ところが実務をしなければならなかった理由がほかにもあった。というのも家族はふたりの息子を学校に行かせるのにわずかばかりの母親の財産を売っていたのである。しかもそれは十分ではなかったらしい。ガウディが切体学の講座を落第したのは石膏模型を作っての形態解析をしなかったためであるが、ガウディには石膏が高価すぎたためであった。
建築学校へ入る前には工作機械の商社でドラフトマンとして働いていたが、建築学校の初年にはその教師である建築家ビジャール、マエストロ・デ・オブラのフォンセレのもとで働いた。
この間の事情をよく物語るガウディの日誌を見て見ることにしよう(26枚目の白紙のあと日記は始まり93枚目まで書かれているが、1876年11月から1877年1月まで含まれている。)

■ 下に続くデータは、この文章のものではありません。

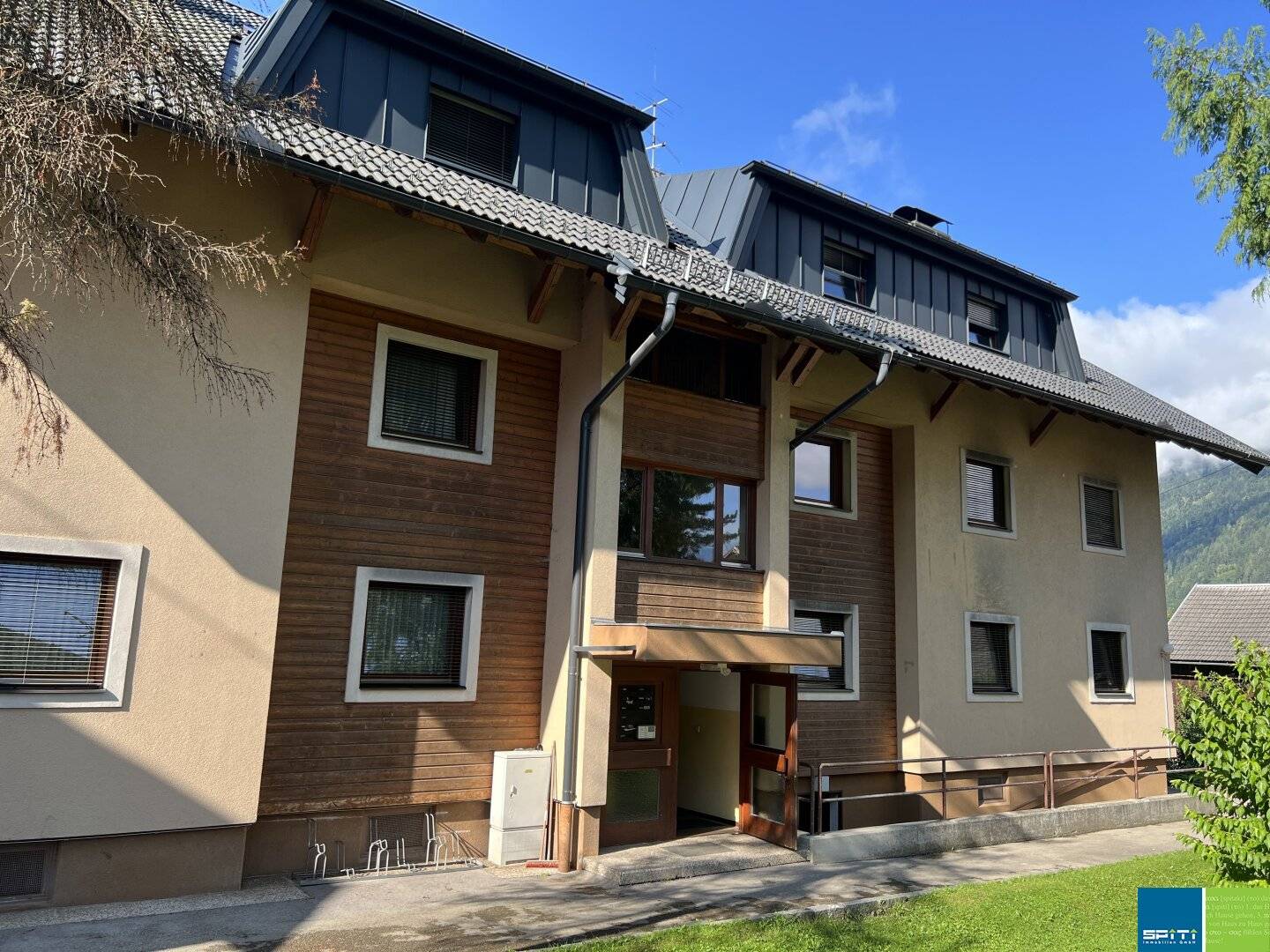 Mehrfamilienhaus mit 9 Einheiten in zentraler Lage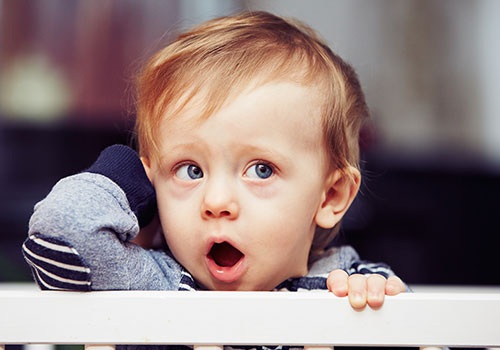 婴幼儿脸色苍白没有血色,宝宝脸色没有血色是什么原因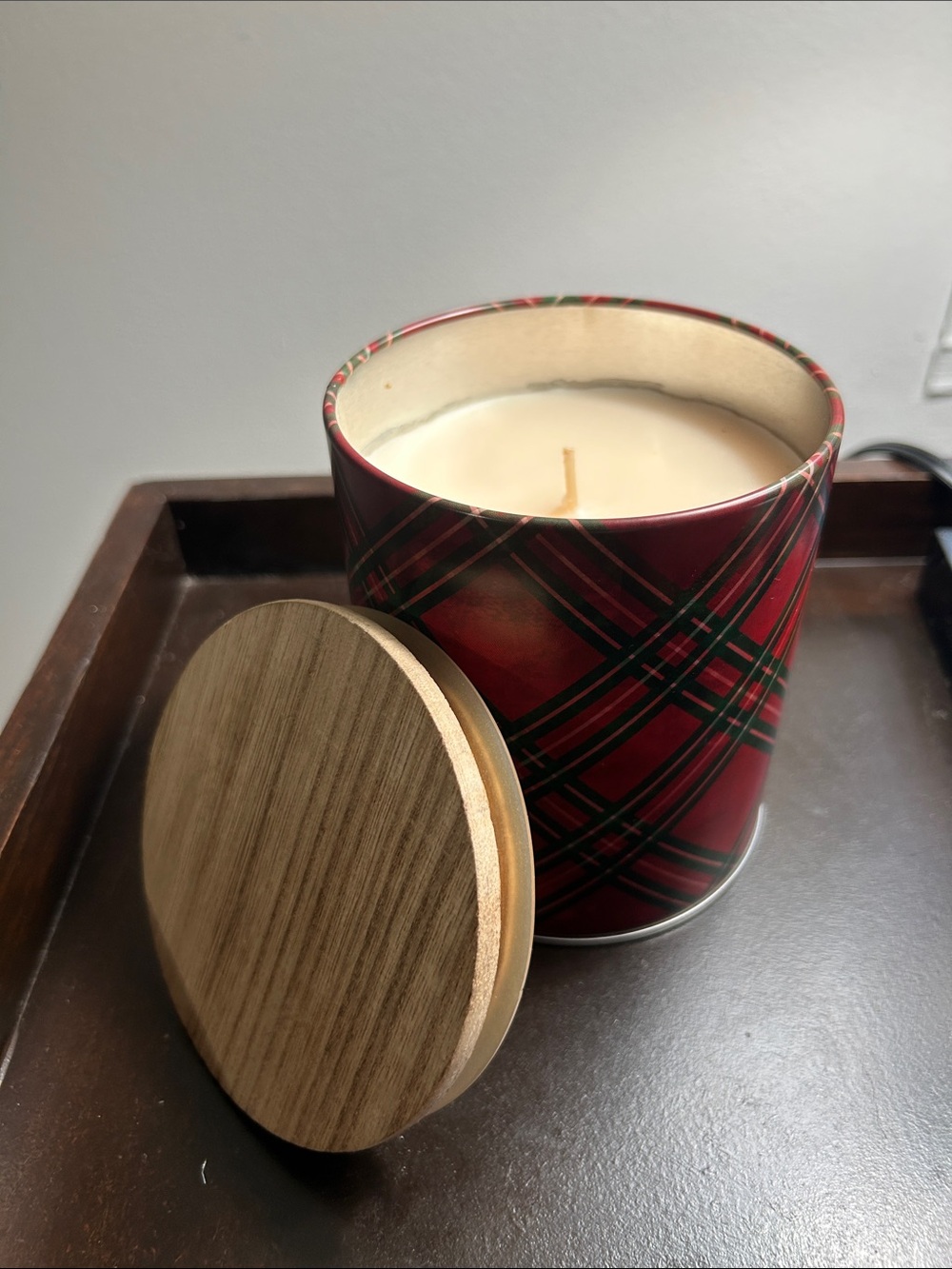 Red Plaid gingerbread Scented Candle with Wooden Lid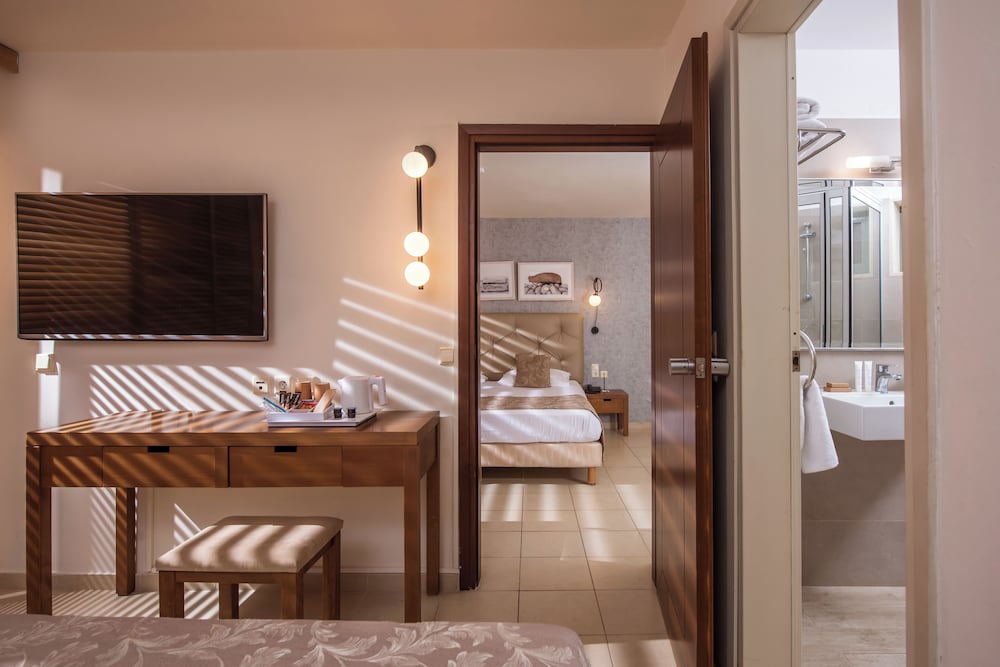 Bella Beach - All Inclusive — Hotel rooms in Hersonissos
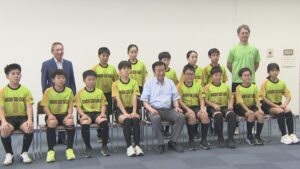 全国大会出場を前に　小学生競技ドッジボールの選手が高松市長を表敬訪問　堅い守備で優勝狙う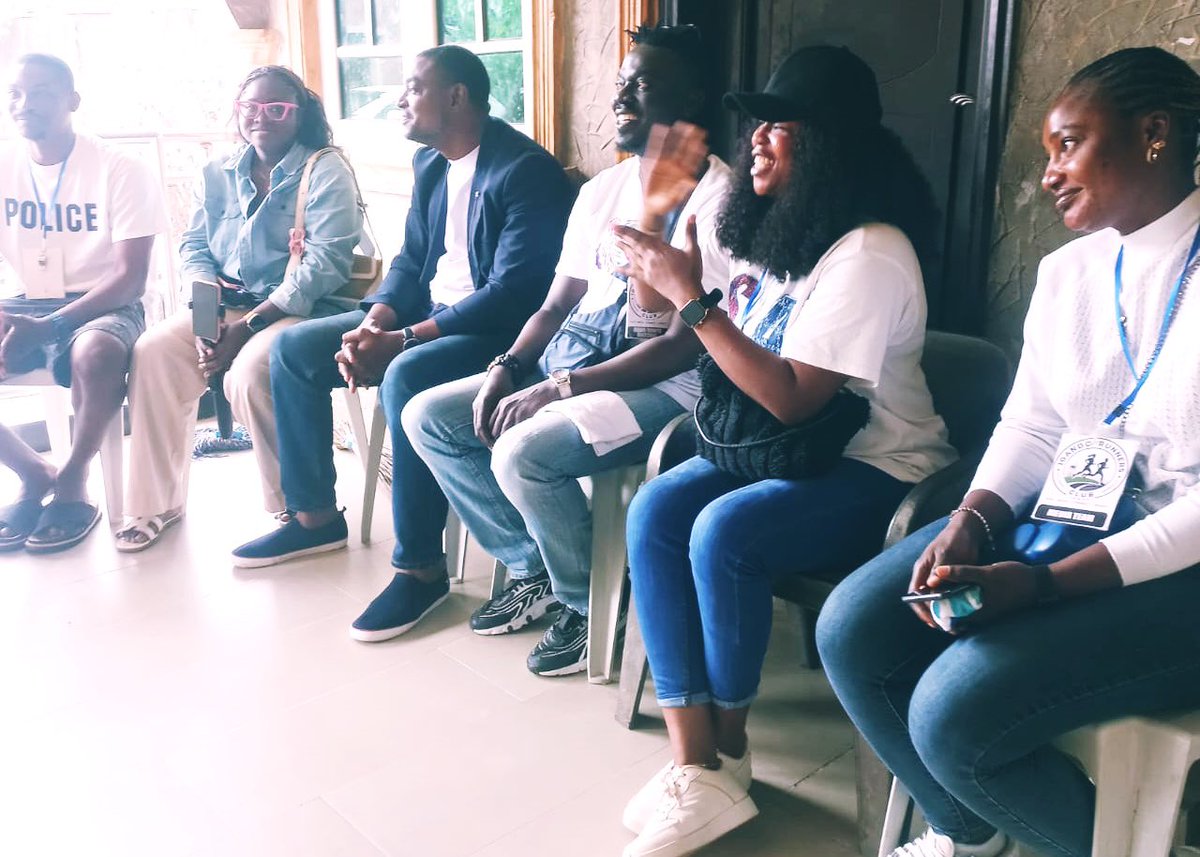 Igandoikotun's tweet photo. Today, Akinsanya Receives Igando Runners Community at His Residence

The Igando Runners Community paid a courtesy visit to the Executive Chairman of Igando-Ikotun LCDA, Snr. Comr. Lasisi Ayinde Akinsanya, at his residence on Sunday, 27th September 2026. https://t.co/jxkL4oLSBf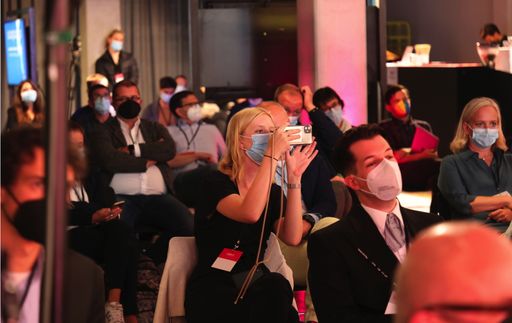 Vorschau Bild von Publikum beim scoopcamp 2021, der Innovationskonferenz für
Medien, in Hamburg. Foto: Marcelo Hernandez / Funke Foto Services /
Weiterer Text über ots und www.presseportal.de/nr/8218 /
Pulitzer-Preisträger Alan Rusbridger fordert beim scoopcamp 2021:
"Try to get inside the mind of generation Z!" / Die Verwendung
dieses Bildes ist für redaktionelle Zwecke unter Beachtung ggf.
genannter Nutzungsbedingungen honorarfrei. Veröffentlichung bitte
mit Bildrechte-Hinweis.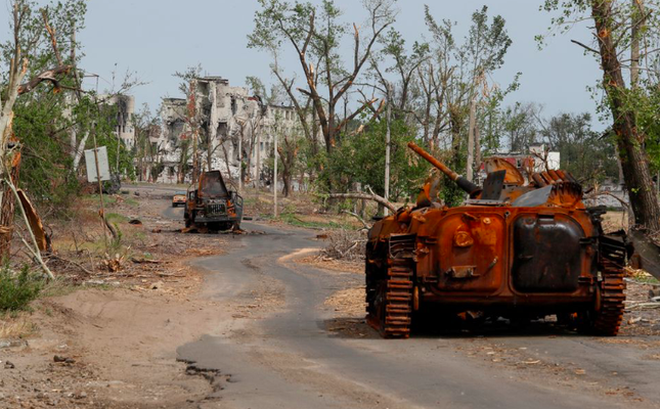 Các xe quân sự bị phá hỏng ở thị trấn Rubizhne thuộc tỉnh Lugansk ngày 1/6. (Ảnh: Reuters)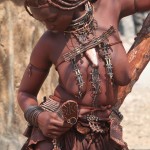 Himba vrouw:sieraden en een lendedoek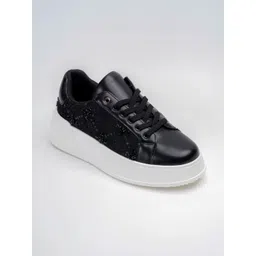 FOREVER SHOE BAZAR Women Textured Sneakers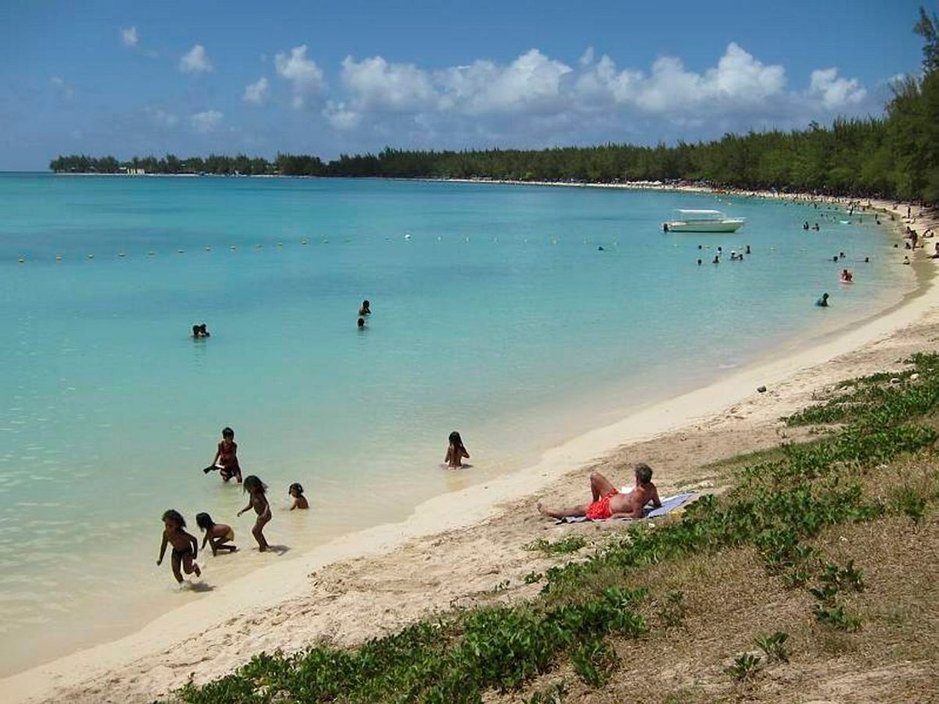 Mon Choisyn upea yleinen uimaranta on paikallisten suosima. Mon Choisyn upea yleinen uimaranta on paikallisten suosima.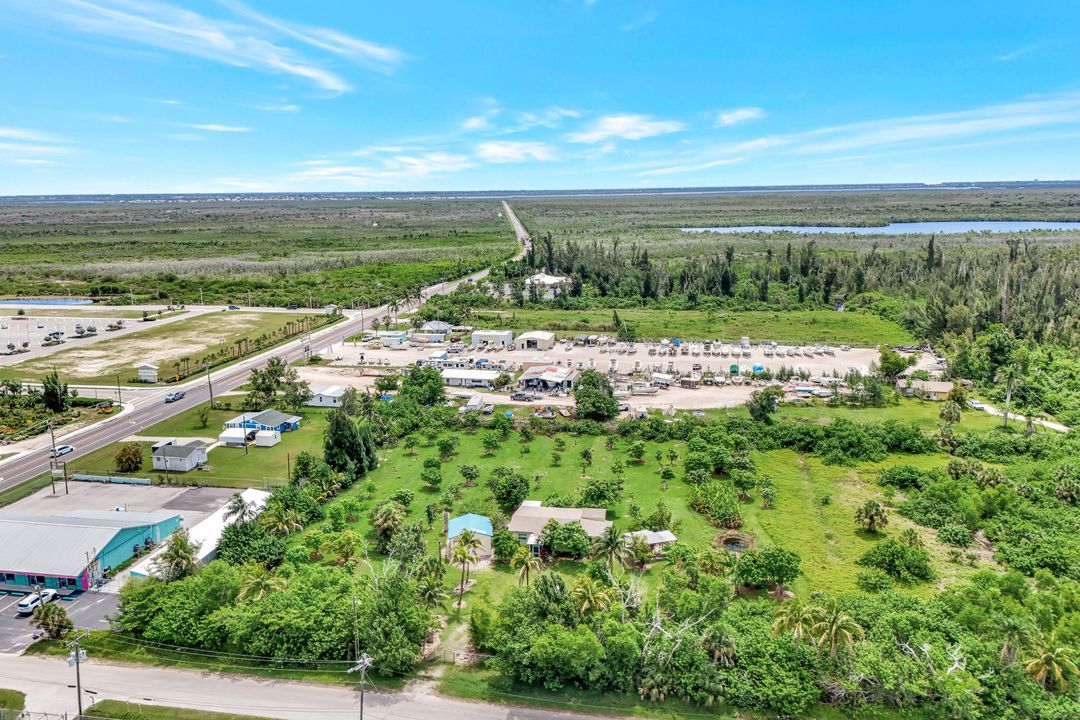 10464 Betsy Pkwy, Saint James City, FL 33956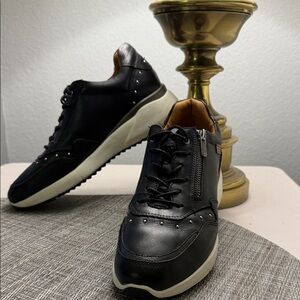 Pikolinos Sella Black Leather Sneakers with Zippers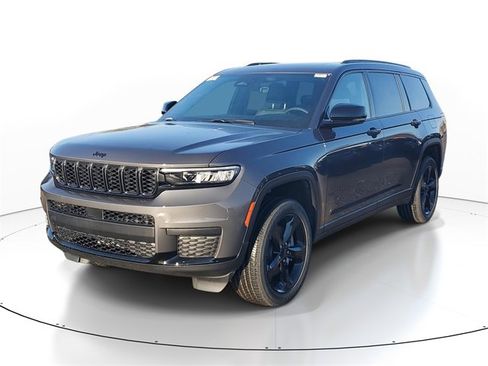 New 2025 Jeep Grand Cherokee L Altitude image 2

87年の“ガウディの生涯”執筆時は当時出版されていたガウディの大著Cesar MartinellのGaudí su vida/su teoría/su obra, (ガウディ その生涯/その論理/その作品)、1967年Colegio Oficial de Catanuña y Baleares刊, の493-495ページのテキストによっているが、もともとの原稿は鉛筆の走り書きで、紙の色が変わっていたりと非常に読みづらく、判別できない個所も多々あった。近年Laura Mercader, Antoni Gaudí Escritos y documentos(アントニ・ガウディ 文書とドキュメント), 2002年刊でガウディが残したテキストを解読し集成して豊富な注を付けて出版している。ガウディが残した数少ない文章のうち、装飾日記と俗に呼ばれている日記が一番よく知られているが、ここにあげたのはこの著者メルカデールがDietario IIIと呼ぶものである。同本の103-112頁に掲載されている。Dietarioというのは日誌のようなものでいわゆる日記Diarioとは性格が違うが、ガウディは時間給で仕事をしていたらしく、誰誰のところで何時間仕事をしたということが主に書かれている。だから日記ではなく日誌の方が正確であるかもしれない。
また、現在保管されているレウスのガウディ・センターではスクリーン上でこの日記が読めるようになっている。同館のオープン時には限定でこの復刻版も出された。